El abandono se hereda genéticamente, igual que los gestos que se repiten en una misma familia. Los ademanes se eternizan cuando un nieto hace lo mismo que un abuelo al que nunca conoció. Igual que yo cuidando siempre a los demás sin pensar en mí, solícita con los más ausentes: mi padre, mi marido y mis hijos. Herede un germen que provoca en los demás un desprecio que hace de mí una víctima perpetúa, como lo fue mi madre y mi abuela, está última, a la que su marido le corto el cuello. Las huellas de sus manos dejaron una estela roja en la pared mientras se desangraba.

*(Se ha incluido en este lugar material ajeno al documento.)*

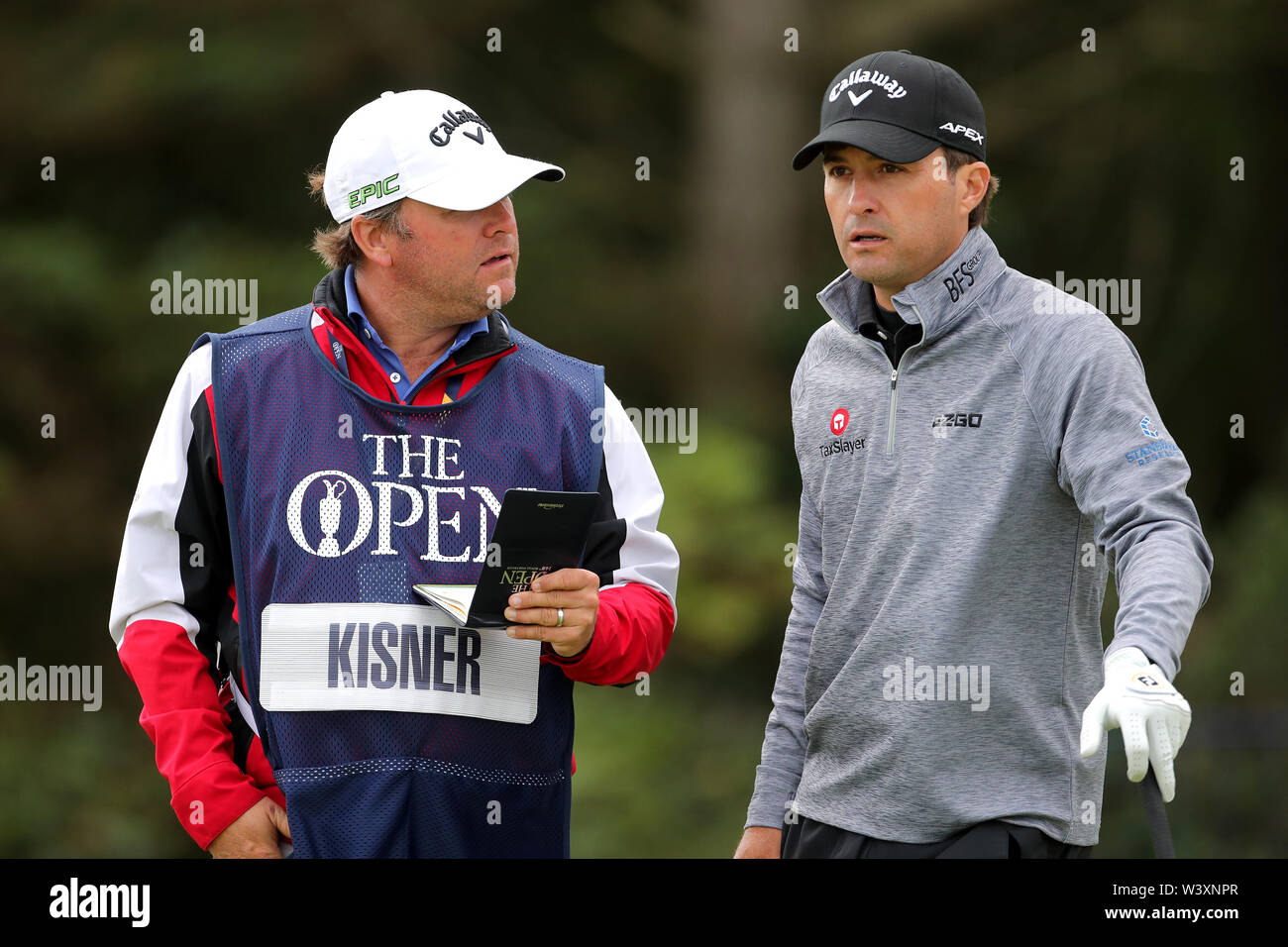 Die USA Kevin Kisner (rechts) vor seinem T-Stück aus dem 5. Tag eines der Open Championship 2019 im Royal Portrush Golf Club. Stockfoto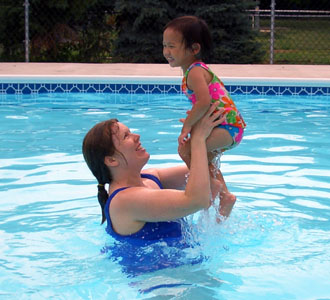Mommy can throw me high in the pool!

Ahora vivo en un tranquilo y pequeño pueblo para que la herencia familiar se acabe conmigo, para que todo se olvide para siempre. Vivo lejos de cualquier parte porque estar con gente es como romperme. Ya me pasó cuando trabajaba como enfermera en aquel pequeño geriátrico de la ciudad antigua.
Esconderme, confundirme entre los libros dentro de una biblioteca. Este es mi lugar.
Cada vez que un manuscrito se abre se escuchan trozos de mi propia vida.
Las esferas que se repiten hasta el infinito se acabaran aquí. Solo soy una espectadora y me siento más viva que nunca. La soledad es la salvación. La única manera de estar viva sin dolor. Ahora, a punto de jubilarme solo puedo regresar a un panteón.
La biblioteca esta como yo, llena de secretos, donde cada palabra tiene una historia que guardar, cada frase un mundo lleno de esquinas donde algunos no se atreverían ni a pisar. Cada vez que abro un libro me parece apretar teclas que se pulsan para bajar o subir en un ascensor antiguo, lleno de tiempos, donde las puertas chirrían al abrir un espacio con nuevos olores y sabores que llegan con cada página. Me abren a las emociones y conozco mis propios secretos leyendo a los demás.
Me presente hace doce años a una oferta de trabajo en la “España vaciada” y conseguí ser la responsable de la biblioteca del pueblo. Llegué en un día lleno de nubes y sola.
Mi hermana Marta y su inseparable Ángel se fueron lejos a disfrutar de la vida. Lejos de todas las muertes que sufrieron. Mi marido y mis hijos también han desaparecido perdidos como un libro que se quedó en casa de alguien. Yo por fin he dejado de ser una cuidadora, una esclava de todos.
Ahora escucho los susurros de los jóvenes estudiantes y el silencio de los asiduos lectores o de aquellos que preparan oposiciones, hay un pequeño club de lectura los jueves y de vez en cuando viene alguien a presentar su libro.
No hay nada que hacer sino leer, ordenar algún archivo y mirar por un gran ventanal lleno de aromas, entre los que sobresale el del jazmín de Madagascar, que formando un dosel derrama su sombra sobre los bancos de piedra. Coloreando el camino están las gardenias, las petunias, los jacintos y los elegantes lirios. Las bellas rosas blancas adornan la entrada y todas las mañanas les quito las espinas. Aquí, todos estamos a salvo.